Remove Duplicates in SQL Alternatives

If you cannot use a window function to identify and remove duplicates in SQL, there are a few other ways to accomplish this task in SQL. Here are a couple of common methods:

Self-Join:

One common way to identify duplicates in SQL is to use a self-join. We join the table to itself on the columns that define the duplicates, then select only the rows that match on those columns. Here is an example:

``````SELECT t1.*
FROM students t1
JOIN students t2 ON t1.name = t2.name AND t1.age = t2.age AND t1.id < t2.id;``````

In this example, we join the “students” table to itself on the “name” and “age” columns, and we select only the rows where the “id” value in the first table is less than the “id” value in the second table. This ensures that we only return each duplicate set once, and we exclude the first occurrence of each set.
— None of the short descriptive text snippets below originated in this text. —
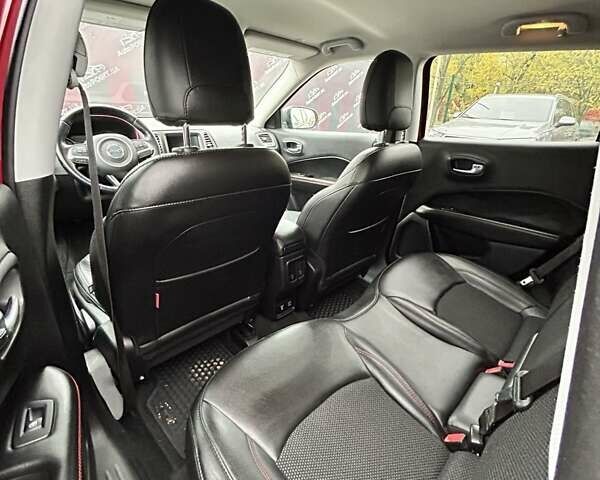 Красный Джип Компас, объемом двигателя 2.4 л и пробегом 112 тыс. км за 18000 $, фото 24 на Automoto.ua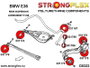 StrongFlex STF031789A Trasero Barra Estabilizadora Bieleta Silentblock Sport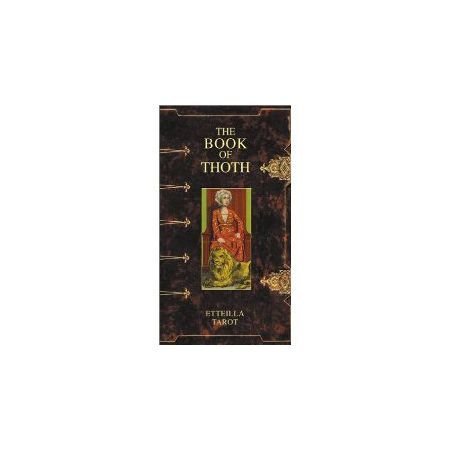 Spanish Crowley Thoth Tarot Deck a book by Aleister Crowley and Frieda  Harris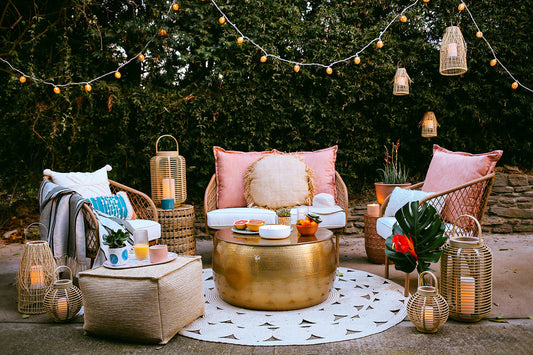 Justina Blakeney’s Boho Backyard Refresh Was a One-Stop Target Shop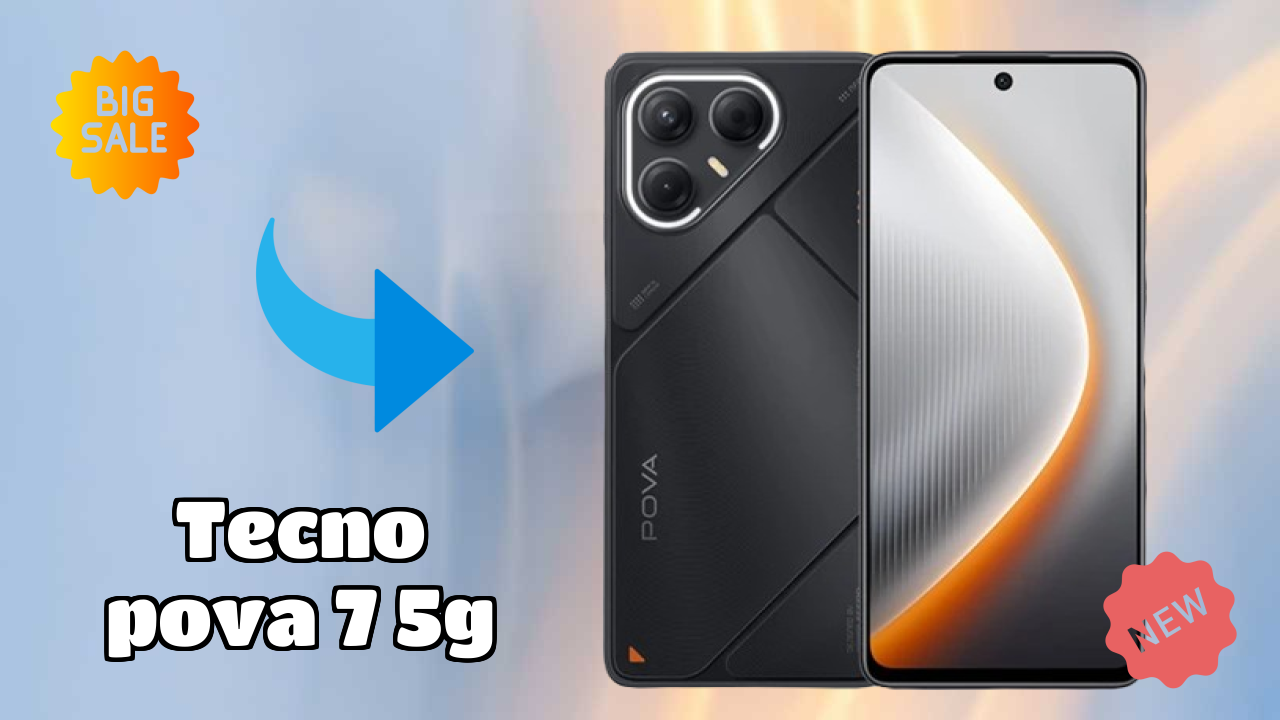 Tecno Pova 7 5G RAM Test: 8 GB RAM Handles Gaming Well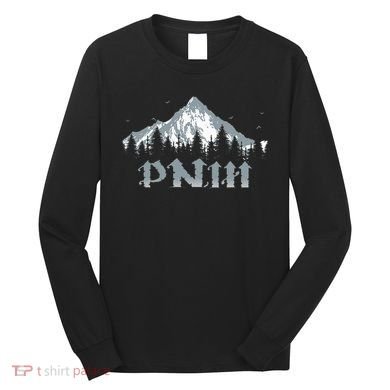 Pnw Pacific North West Long Sleeve Shirt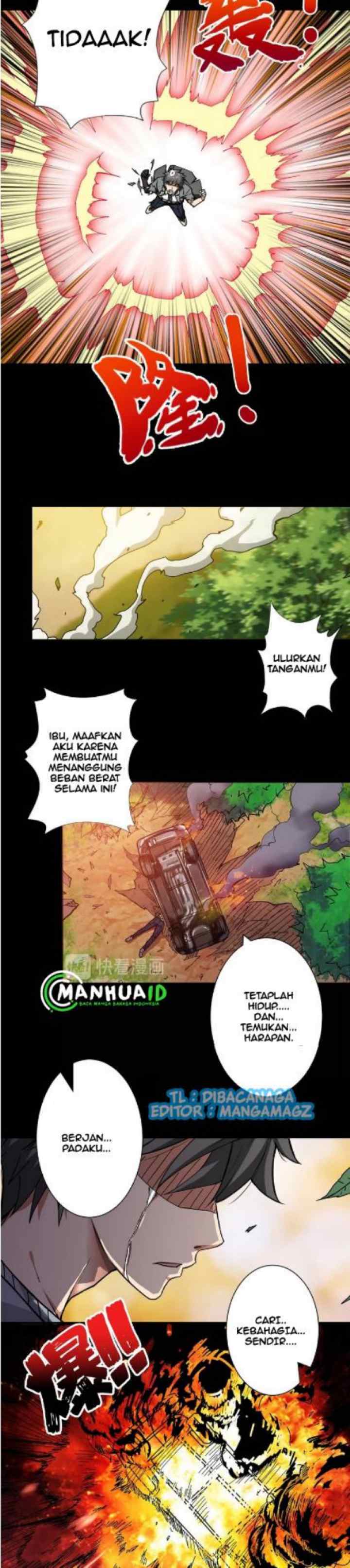 God Slayer chapter 62 halaman 5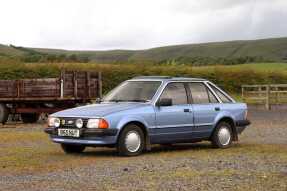 1985 Ford Escort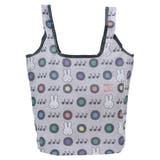 miffy ミッフィー×レコード エコバッグ グレー【ミッフィー】 | LUDIC PARK | 詳細画像1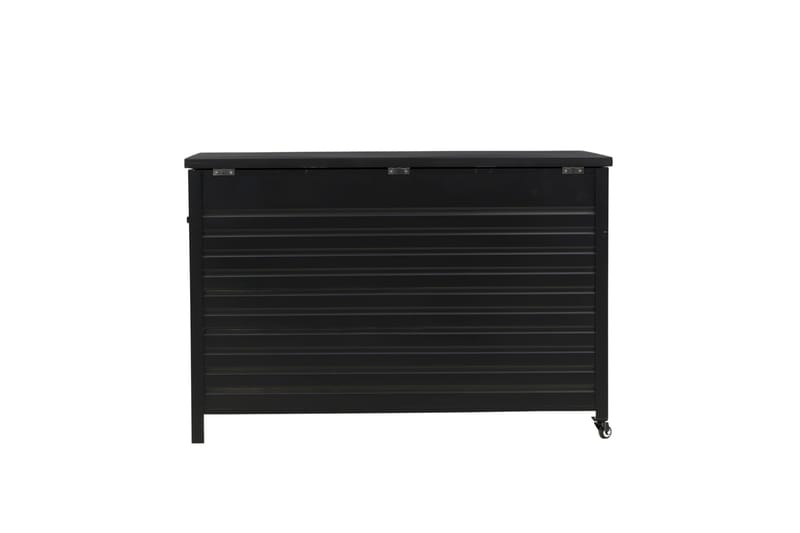 Tiana Dynförvaring 150x90 cm - Svart - Utemöbler - Dynförvaring & möbelskydd - Dynboxar & dynlådor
To remove the duplicates using this method, we can use the DELETE statement with the same join condition to remove all but the first row in each duplicate set.

Subquery with GROUP BY:

Another way to identify and remove duplicates is to use a subquery with a GROUP BY clause. We can group the table by the columns that define the duplicates, and then select only the groups that have more than one row. Here is an example:

``````SELECT *
FROM students
WHERE (name, age) IN
(
SELECT name, age
FROM students
GROUP BY name, age
HAVING COUNT(*) > 1
);``````

In this example, we use a subquery to select the “name” and “age” values for groups that have more than one row in the “students” table. We then use these values in the WHERE clause of the outer query to select all rows that belong to these groups.

To remove the duplicates in SQL using this method, we can use the DELETE statement with the same subquery to remove all but the first row in each duplicate set. However, we need to modify the subquery to return the “id” values for each group, so that we can use them in the WHERE clause of the DELETE statement. Here is an example:

``````DELETE FROM students
WHERE (name, age) IN
(
SELECT name, age
FROM students
GROUP BY name, age
HAVING COUNT(*) > 1
);``````

In this example, we use a subquery to select the minimum “id” value for each group of duplicates in the “students” table. We then use these values in the WHERE clause of the DELETE statement to remove all but the first row in each duplicate set.